After finishing one drink, Brunton told THR Takei offered him another one, which he drank. Brunton recalled suddenly "feeling very disoriented and dizzy," adding, "I said I need to sit down and he said sit over here and he had the giant yellow beanbag chair. So I sat down in that and leaned my head back and I must have passed out."
When he woke up, Brunton said his pants were pulled down around his ankles and Takei was groping his crotch and trying to remove his underwear.
He said, "I came to and said, 'What are you doing?!' I said, 'I don't want to do this.' He goes, 'You need to relax. I am just trying to make you comfortable. Get comfortable.' And I said, 'No.

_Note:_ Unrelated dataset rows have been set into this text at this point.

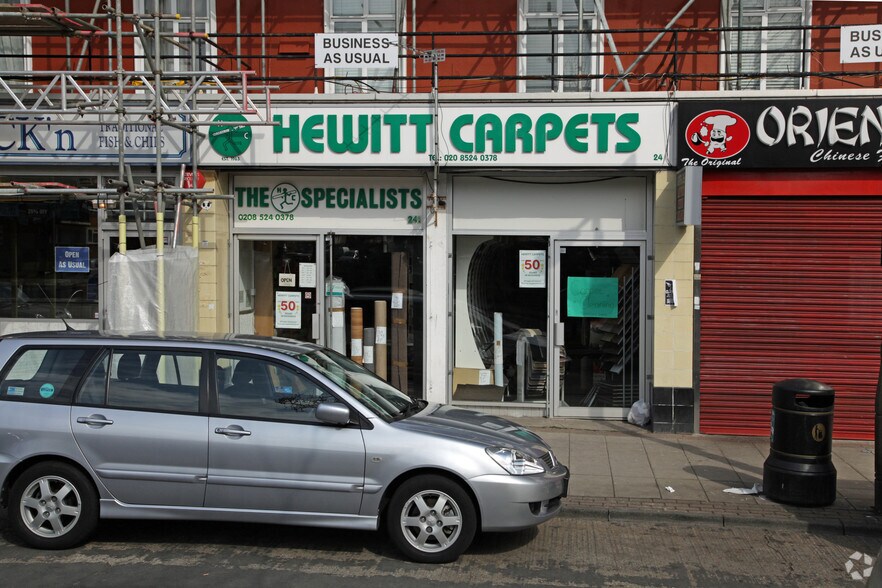 24-24A Hatch Ln, Londres à louer - Photo du bâtiment - Image 3 de 3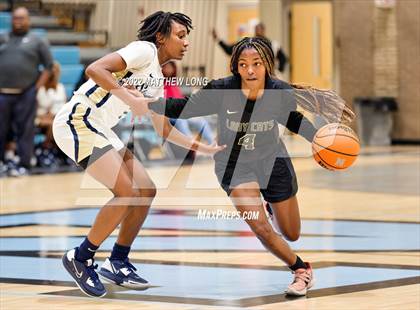Thumbnail 2 in Hale County vs Bryant (Jaguar Thanksgiving Jam) photogallery.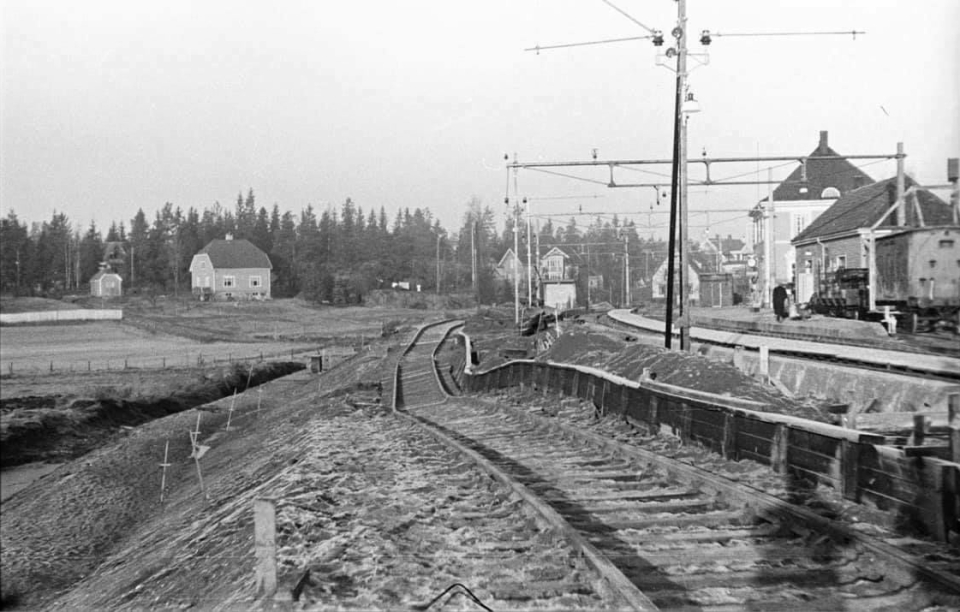 KOLBOTN STASJON FOR 84 ÅR SIDEN: Bildet viser utglidning av massene ved Kolbotn stasjon 1936. (Foto: Ukjent/Norsk Jernbanemuseum)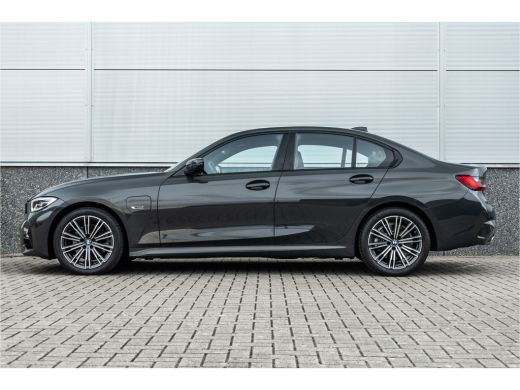 BMW 3 Serie 320e M-Sport Dravitgrau / Schaal stoel / HiFi / Camera / ActivLease financial lease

I don't want to do this.' And I pushed him off and he said, 'OK, fine.' And I said I am going to go and he said, 'If you feel you must. You're in no condition to drive.'"
Brunton, who described himself as "shocked," then went to his car and drove home after feeling better.
Brunton that years later, he contacted Takei during his book tour and the two met up for coffee. "I wanted to see him," he shared. "I always wanted to ask him—I just felt really betrayed. I thought I was a friend and here I am later, just another piece of meat... We met for coffee, and I just couldn't bring myself to do it. It was just too uncomfortable."
As for why he's coming forward now, Brunton initially thought Takei's star power outweighed the validity of his claims. "Who's going to believe me? It's my word against his," he said. It wasn't until Takei condemned Kevin Spacey's alleged misconduct against Anthony Rapp, that Brunton reconsidered his options.
As Takei said in a statement to THR regarding the scorned House of Cards actor, "When power is used in a non-consensual situation, it is a wrong. For Anthony Rapp, he has had to live with the memory of this experience of decades ago. For Kevin Spacey, who claims not to remember the incident, he was the older, dominant one who had his way. Men who improperly harass or assault do not do so because they are gay or straight—that is a deflection. They do so because they have the power, and they chose to abuse it."
In October, Howard Stern asked Takei on the Howard Stern Show on Sirius XM if he ever "grabbed" any man's penis "against their will."
Takei paused, then said, "It's some people that are kind of skittish or maybe afraid and you're trying to persuade."
"Do we need to call the police?" Stern joked. "But you never held a job over someone..."
"No, no, no, I never did that," Takei replied. "It wasn't at work. It was either in my home, they came to my home...it didn't involve power over the other."